▶ Information supplied:
•••

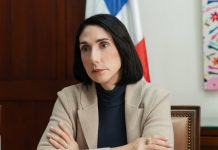 Tras quejas por mala distribución de bonos navideños, Raquel Arbaje invita a dirigente del PRM a acudir a su oficina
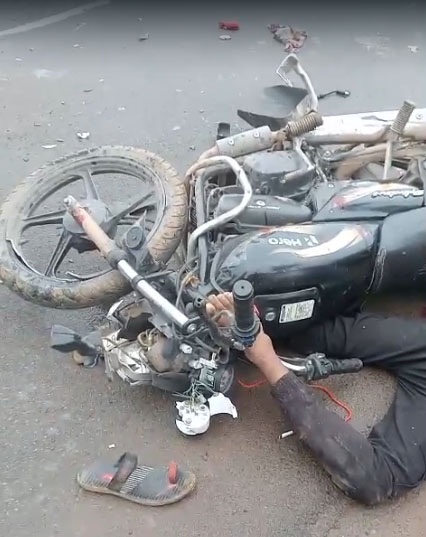 वाहन ने बाइक को मारी  टक्कर, युवक की मौत
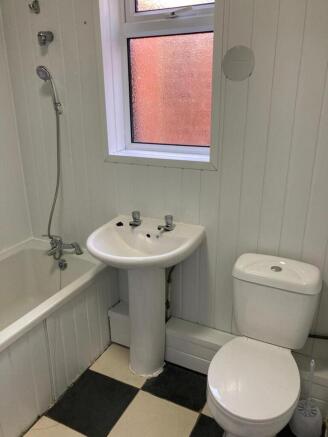 3 bed Terraced to rent Image 7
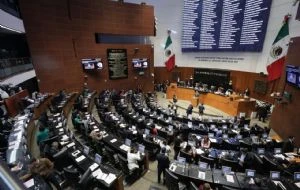 Senadores reciben minuta de la Ley General de Extorsión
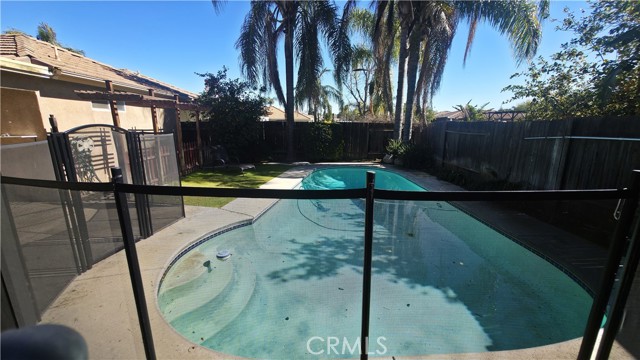 Detail Gallery Image 3 of 28 For 9909 Mona Lisa Ln, Bakersfield,  CA 93312 - 3 Beds | 2 Baths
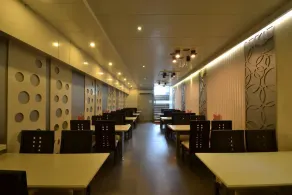 Hotel Central Residency - Restaurant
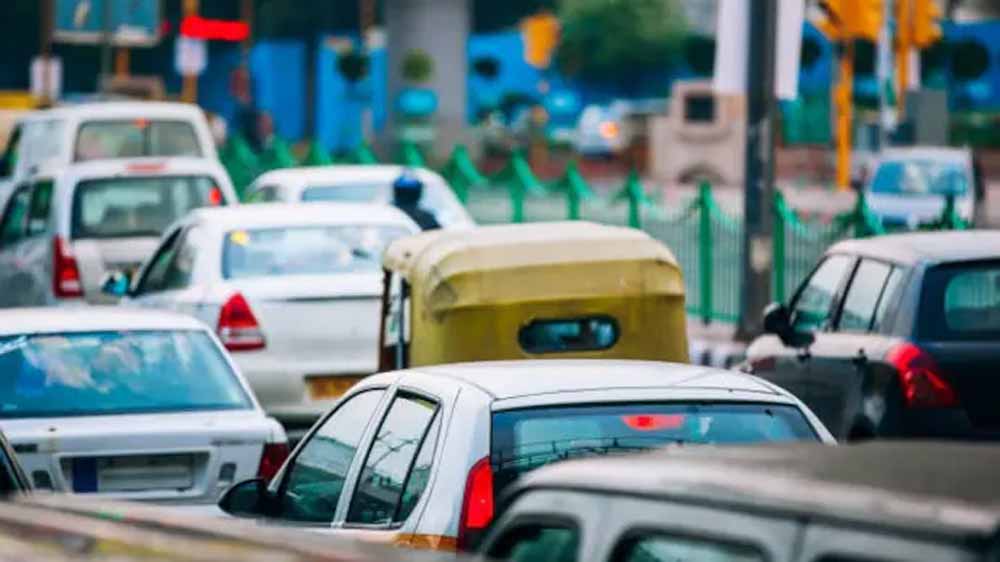 देश की राजधानी में बैन होगी 10-15 साल पुराने वाहनों एंट्री, नहीं मिलेगा फ्यूल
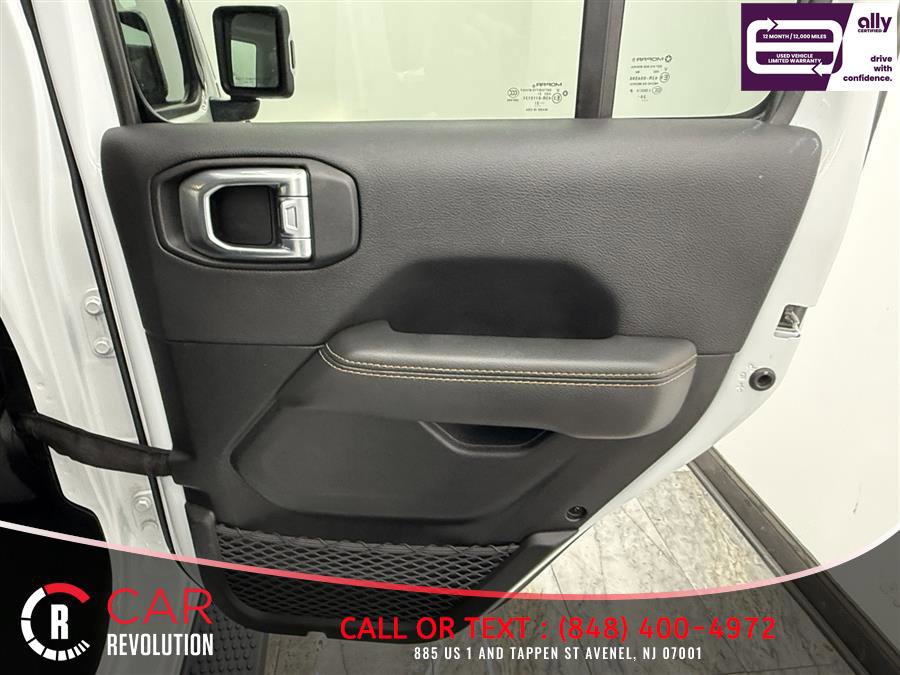 Used 2021 Jeep Wrangler Unlimited Sahara AWD/4WD image 46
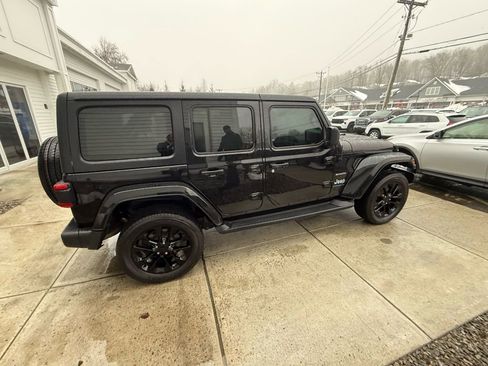 Used 2023 Jeep Wrangler Unlimited Sahara w/ Cold Weather Group image 12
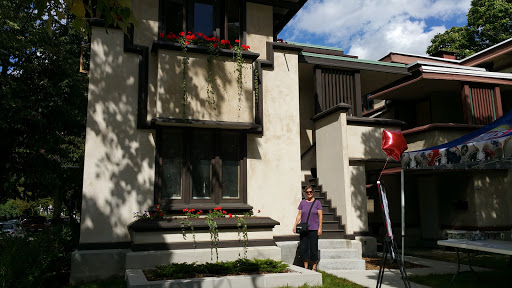 Used Car Dealer «American Auto», reviews and photos, 2802 W Burnham St, Milwaukee, WI 53215, USA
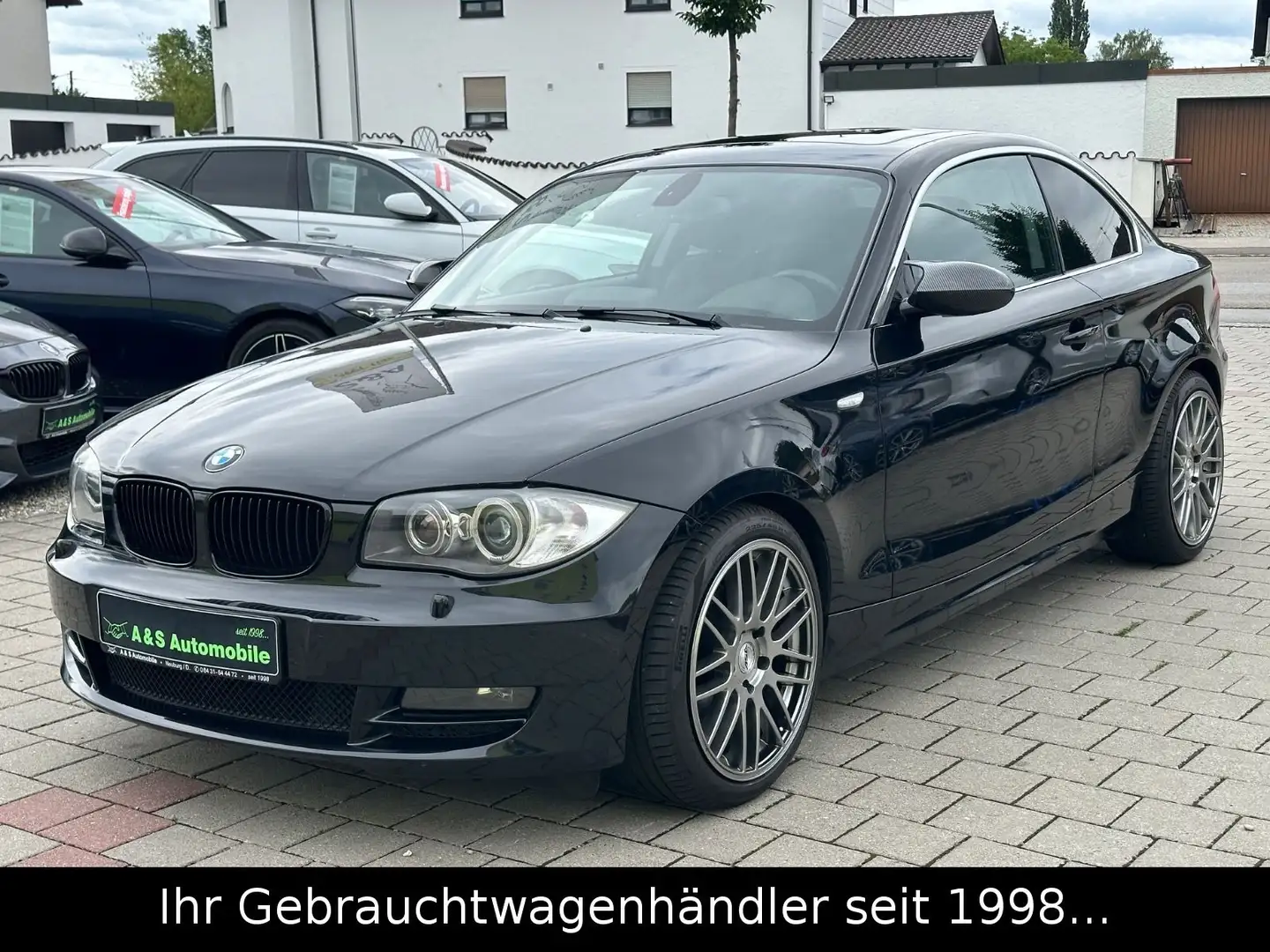 BMW 125 i Coupe Automatik NAVI BI XENON PDC GSD SHZ Schwarz - 2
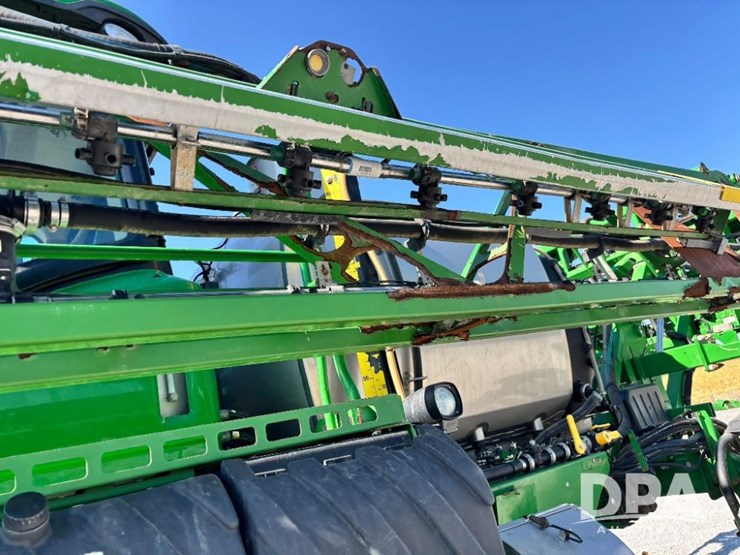 2014-john-deere-r4038-image-99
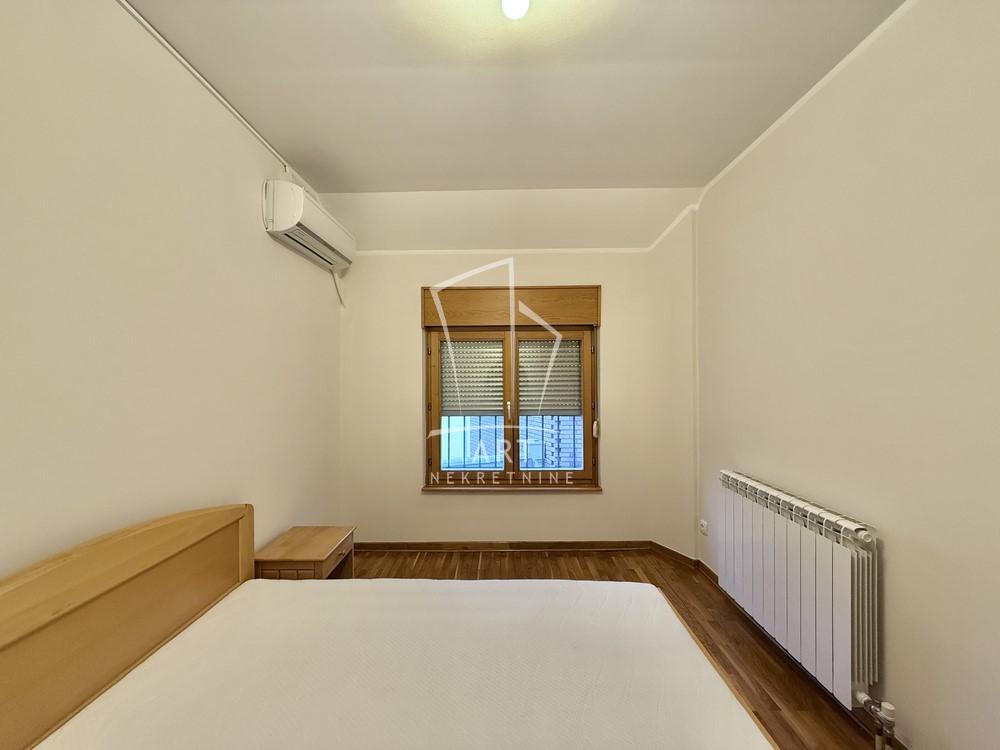 Slika 7 - Raška, Šestosoban stan za izdavanje, 147m2, 2.500€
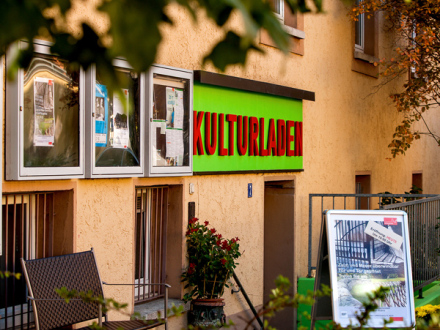Foto vom Eingang vom Kultur·laden Gartenstadt., Bild © Petra Kellner / Stadt Nürnberg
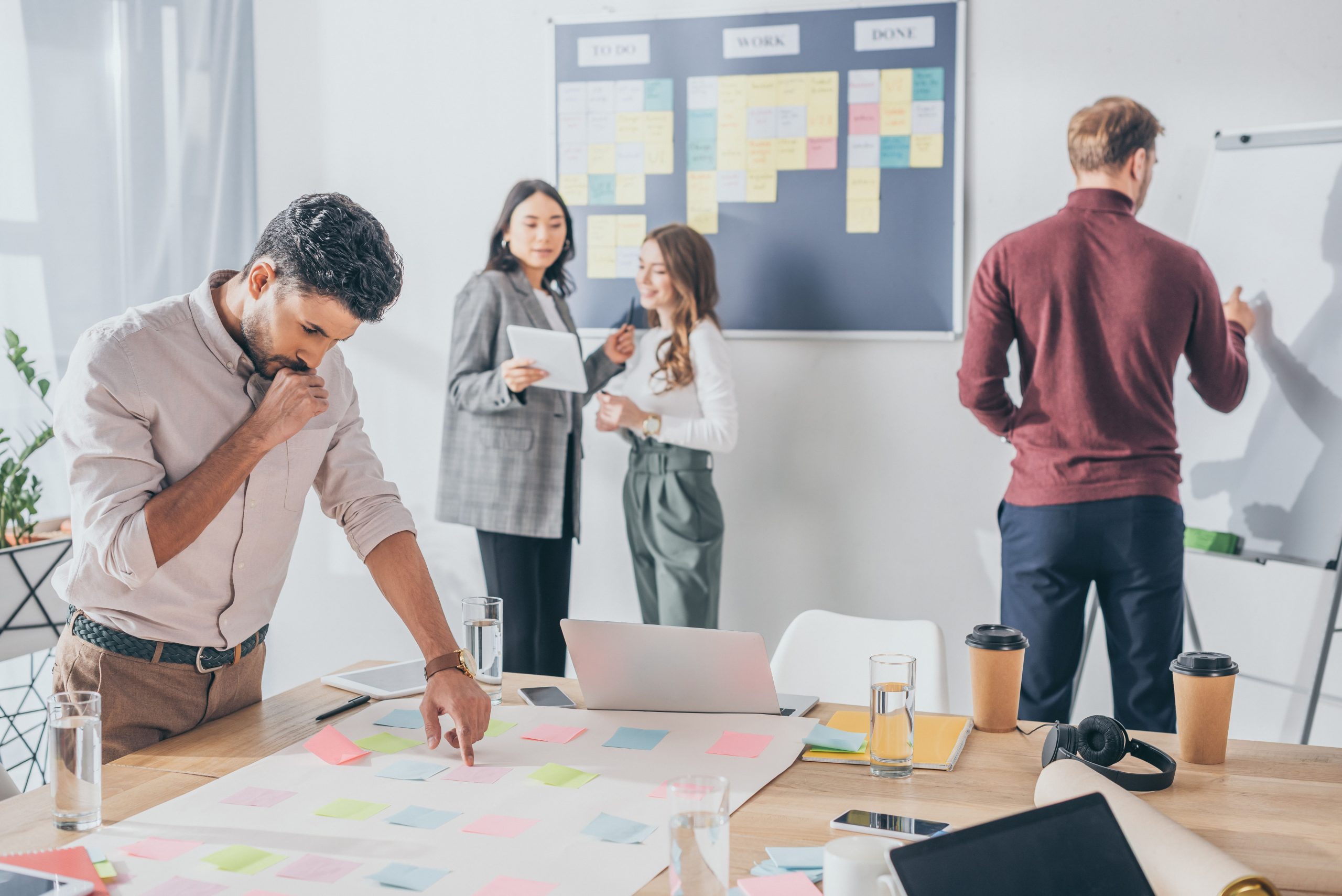 Optimizando flujos de trabajo con Kanban: visualización de progreso y eficiencia. 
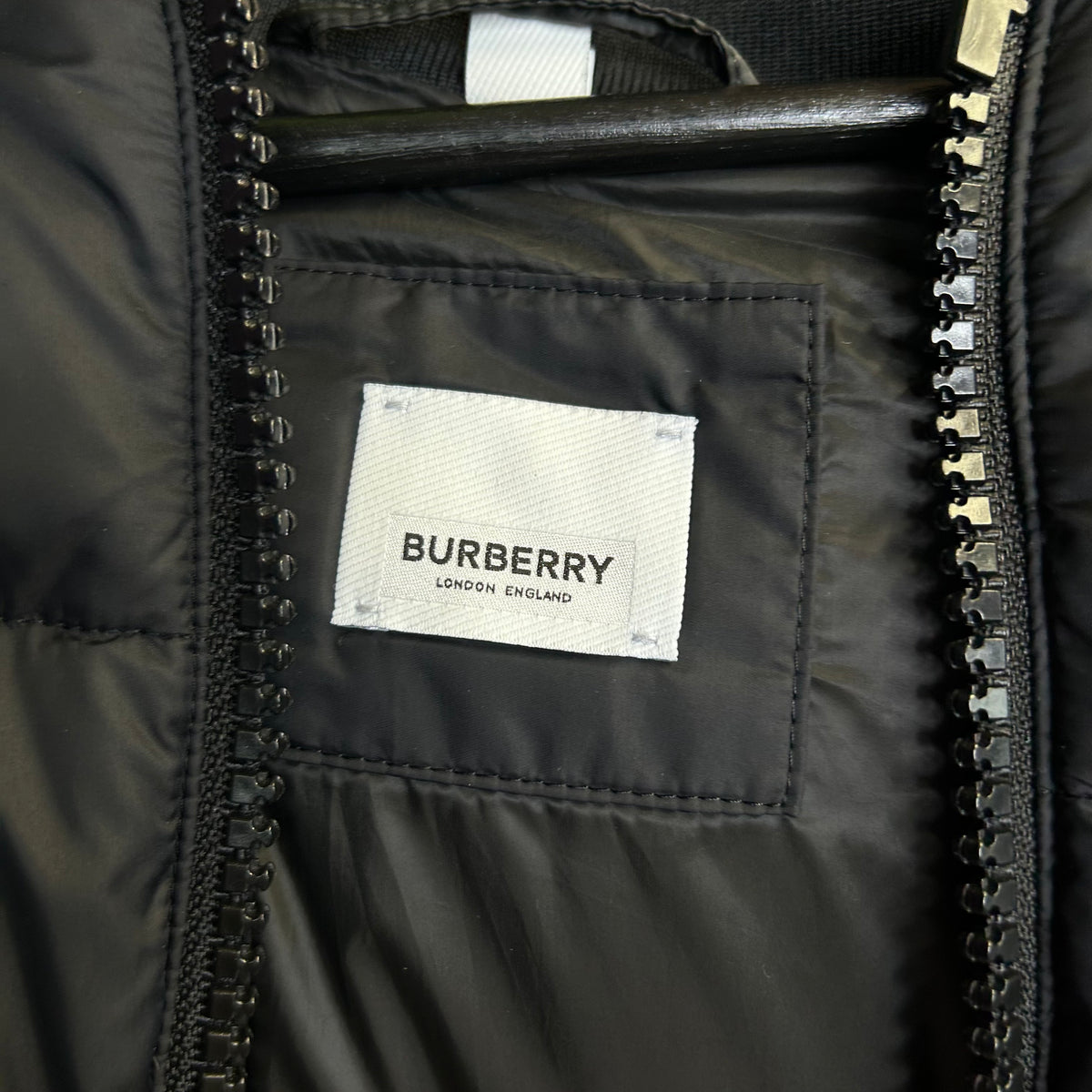 Pre-owned Burberry Monogram Stripe Detail Puffer Jacket Size Small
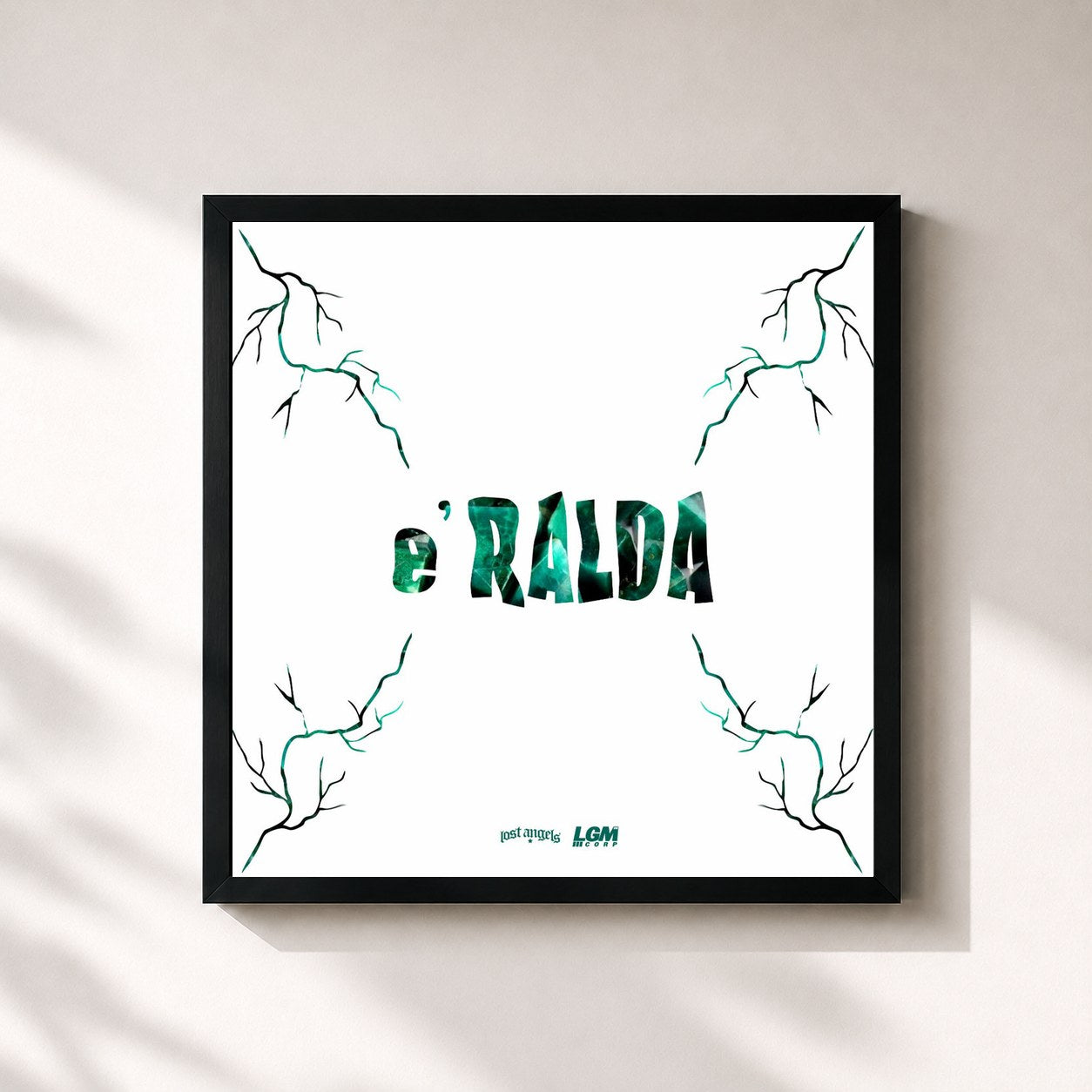 #noir Tableau carré de l'album E'ralda de Nino B, cadre noir 32x32 cm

•••

▶ What is expected:
Start with the line above containing "Used 2023 Jeep" and end with the line containing "BMW 125 i Coupe". Set down that stretch exactly, without any pictures.

▶ Output of the exercise:
 Used 2023 Jeep Wrangler Unlimited Sahara w/ Cold Weather Group image 12
 Used Car Dealer «American Auto», reviews and photos, 2802 W Burnham St, Milwaukee, WI 53215, USA
 BMW 125 i Coupe Automatik NAVI BI XENON PDC GSD SHZ Schwarz - 2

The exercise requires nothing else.